Over the last few years, the Engineering team at Confluent has worked hard to address these challenges. What really surprised us was the ways our users started evolving their use of Kafka once storage no longer was an operational concern. We saw Confluent Cloud become a source of truth for businesses, with historical and real-time data used to power new apps, experiences, and analytics.

In this blog post, we’ll share a deeper look into what goes into making Confluent Cloud storage 10x more scalable and performant than Apache Kafka. We’ll then show you what you can do when you use Confluent to make Kafka the source of truth for your business.

Infinite Storage: Never worry about Kafka storage again

Retaining the right amount of data in Kafka is operationally complex and expensive. This is primarily because with Apache Kafka, storage and compute are tied together. There is a practical limit to how much you can store on a single Apache Kafka broker. Once that limit is hit, you have to provision additional brokers and pay for more resources than otherwise necessary. You also risk cluster downtime, data loss, and a possible breach in data retention compliance.

Imagine we have a use case that requires us to produce at a sustained rate of 150 MB/s to a topic with the default 7-day retention. This means that by day seven, you would have about 90.7 TB of data or ~272 TB of data if replication is set to 3. In the image below, the area shaded in green represents the amount of throughput required to satisfy our requirements while the area in red represents the extra unused resources we’re getting by provisioning additional brokers to satisfy our storage requirements.

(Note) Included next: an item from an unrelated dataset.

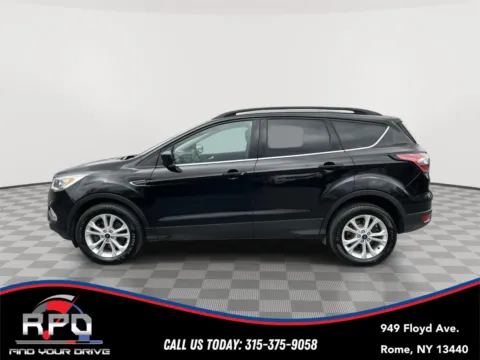 Photos of 2018 Ford Escape SEL for sale in Rome, NY at Rome Preowned Auto Sales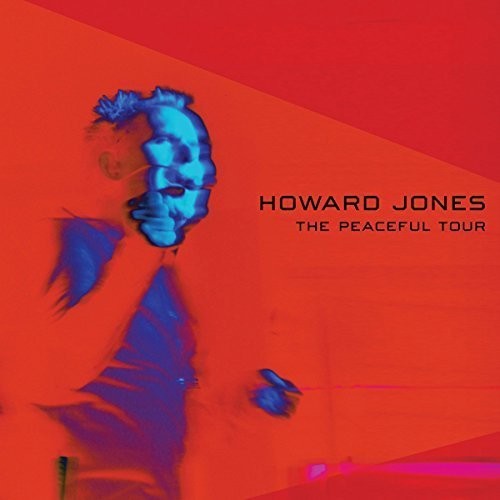 Howard Jones: The Peaceful Tour ( Vinyl )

Growth of compute resources as storage scales

This is all to support requirements for a single use case. What if additional applications or use cases come online? It becomes the operators’ responsibility to distribute, limit, and balance throughput and storage between their internal tenants to avoid running out of storage capacity or throughput. This isn’t an easy task because it requires custom tooling and arbitration between the operators and developers which adds additional risk and complexity to the business.

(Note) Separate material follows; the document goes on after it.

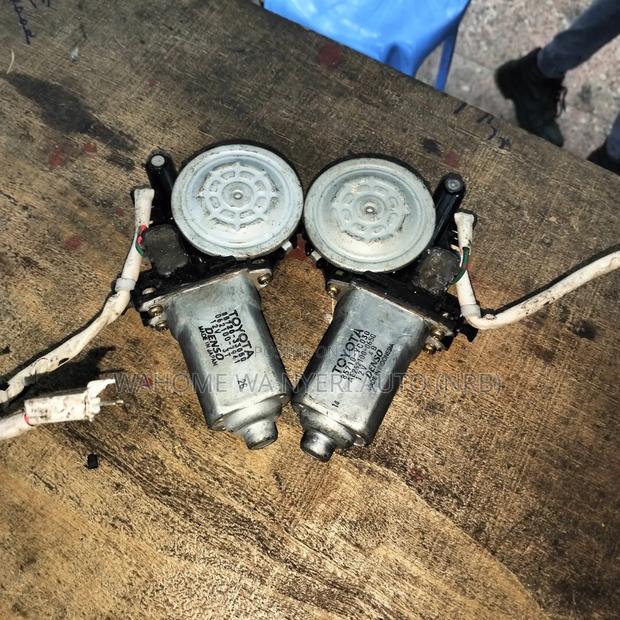 Window Motor T100,110,91 Set - thumbnail 3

To save our users from ever needing to think about storage constraints, we built Infinite Storage on Confluent Cloud. This new storage engine provides our users with a proper cloud consumption model that allows users to store as much data as they want, for as long as they need, while only paying for the storage used. Infinite Storage starts with the separation of compute and storage resources. This allows us to store a subset of “hot” data locally on the broker while offloading the majority of data to a respective cloud provider’s object storage tier.

Local storage and object storage

With Confluent’s Infinite Storage, storage grows automatically as you need it without limits on retention time. Operators never have to worry about throttling tenants or limiting use cases based on storage ever again. This is why we say Confluent Cloud scales your storage infinitely better than Apache Kafka (once again, our marketing friends are conservative with the 10x headline).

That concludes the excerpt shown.